Be who you are, use what you have, do what you can, an old primer teaches. In this spirit America was birthed, her wrongs righted -- in part; the work continues – and her greatest victories won. Myers Anderson, illiterate though he was, would say amen to the primer. So would Clint Hurdle and his Rockies.

To improve local elections

Why this column freaked out the Dems: Click here. (Denver Post, Oct. 21) Has your ballot come in the mail yet? Mine just did. Yes, it’s a local election year – even though we’re already tired of the presidential candidates wooing us for next year, and still getting used to the new governor we elected last year. Two things concern me here. First, the candidates for city council and school board are a generic list, lacking the party labels we see when electing county commissioners, sheriffs and district attorneys, or state and federal officials. Second, I’m bothered that the ballot came in the mail at all.

Neither is good. The principles of self-government in our republic, consent of the governed and limitations on power, would work better if political parties weren’t excluded at the local level – and if personal responsibility hadn’t been overtaken by mass convenience in the voting process itself. Think about it as you study your ballot.

My wife and I vote, for example, in Centennial and the Cherry Creek school district. For city council in our ward, the options are George Shen and Patrick Anderson. For school board, we can pick between Jim O’Brien and Jennifer Herrera for one seat, Steve de Carteret and Randy Perlis for another. Grateful to them for running, it’s thankless and someone has to – but who are these people?

With some digging, one learns that the second name in each pair is a Democrat, while O’Brien and de Carteret “espouse Republican principles” (though the former isn't registered as such), and Shen is a Republican but barely out of college and in various ways not ready for prime time. For me as a GOP conservative, this makes the decision easier, though I’m still pondering.

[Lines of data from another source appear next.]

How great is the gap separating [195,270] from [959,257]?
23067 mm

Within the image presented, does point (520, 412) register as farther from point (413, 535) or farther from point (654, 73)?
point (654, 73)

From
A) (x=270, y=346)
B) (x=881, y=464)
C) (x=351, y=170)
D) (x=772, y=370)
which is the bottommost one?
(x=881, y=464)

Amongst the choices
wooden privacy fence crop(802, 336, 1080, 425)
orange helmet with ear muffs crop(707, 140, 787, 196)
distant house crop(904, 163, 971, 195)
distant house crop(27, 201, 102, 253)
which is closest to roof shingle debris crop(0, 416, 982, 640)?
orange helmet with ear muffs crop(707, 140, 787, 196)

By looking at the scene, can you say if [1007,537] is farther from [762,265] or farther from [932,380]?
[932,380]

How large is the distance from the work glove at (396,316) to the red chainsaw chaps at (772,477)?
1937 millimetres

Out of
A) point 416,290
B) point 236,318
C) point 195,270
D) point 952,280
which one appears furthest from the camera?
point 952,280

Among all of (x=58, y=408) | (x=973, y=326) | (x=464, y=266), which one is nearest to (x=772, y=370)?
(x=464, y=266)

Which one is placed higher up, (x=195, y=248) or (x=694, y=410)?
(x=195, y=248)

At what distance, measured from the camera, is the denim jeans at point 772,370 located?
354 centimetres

It’s also dismaying to see council candidates running unopposed in two of Centennial’s remaining three wards, and to find that the Democratic incumbent in another ward has lined up his Republican fellow-councilmen as endorsers against two GOP challengers. Two of Cherry Creek’s four director districts likewise feature unopposed candidates.

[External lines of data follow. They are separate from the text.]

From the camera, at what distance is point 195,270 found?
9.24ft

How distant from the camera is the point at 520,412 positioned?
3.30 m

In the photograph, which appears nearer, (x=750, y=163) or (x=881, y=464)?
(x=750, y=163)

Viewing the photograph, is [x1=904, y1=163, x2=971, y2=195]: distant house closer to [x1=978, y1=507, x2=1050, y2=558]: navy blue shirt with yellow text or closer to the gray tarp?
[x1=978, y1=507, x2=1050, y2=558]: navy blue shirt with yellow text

These inscrutable nonpartisan local elections are a legacy of the Progressive era a hundred years ago, when faith in “scientific expertise” as a government panacea convinced many Americans that party platforms and loyalties were but a vehicle of selfishness, destined for history’s junkyard. What naïvete.

Our country’s broad, stable two-party system of R’s and D’s, enlivened by feisty upstarts such as the Greens and Libertarians, in fact performs a hugely valuable service for busy citizens both at election time and in between.

During campaigns the parties recruit, screen, and assist candidates, providing voters a recognized “brand” that signals what approach to government is on offer. The result is fewer empty ballot slots, fewer flaky office-seekers, and less guesswork when you sit down to vote. And once elected, party-affiliated candidates work together better and have a clearer standard to uphold; insider self-dealing and stealth are less rife.

A free society thrives on competition and information. You can’t have too much of either. On that logic, as a state senator, I repeatedly sought legislation to invite political parties into our school board races and RTD elections. We’d reap similar benefits if parties faced off in municipal politics.

My bills never stood a chance, though. Democrats (the same folks who are so proud of their national convention coming here next August, and so busy right now running undeclared slates in many localities) feigned horror at the “specter of partisanship,” and some Republicans gullibly believed them. Game over.

As for mail ballots themselves – almost the only kind being used this fall – a voter-fraud nightmare awaits as indifferent addressees toss them by the thousands, easy pickings for trash-bin scavengers. The culprit: a conspiracy of laziness between election officials and the public.

Voting is one of our sacred trusts as Americans. Is this the best we can do?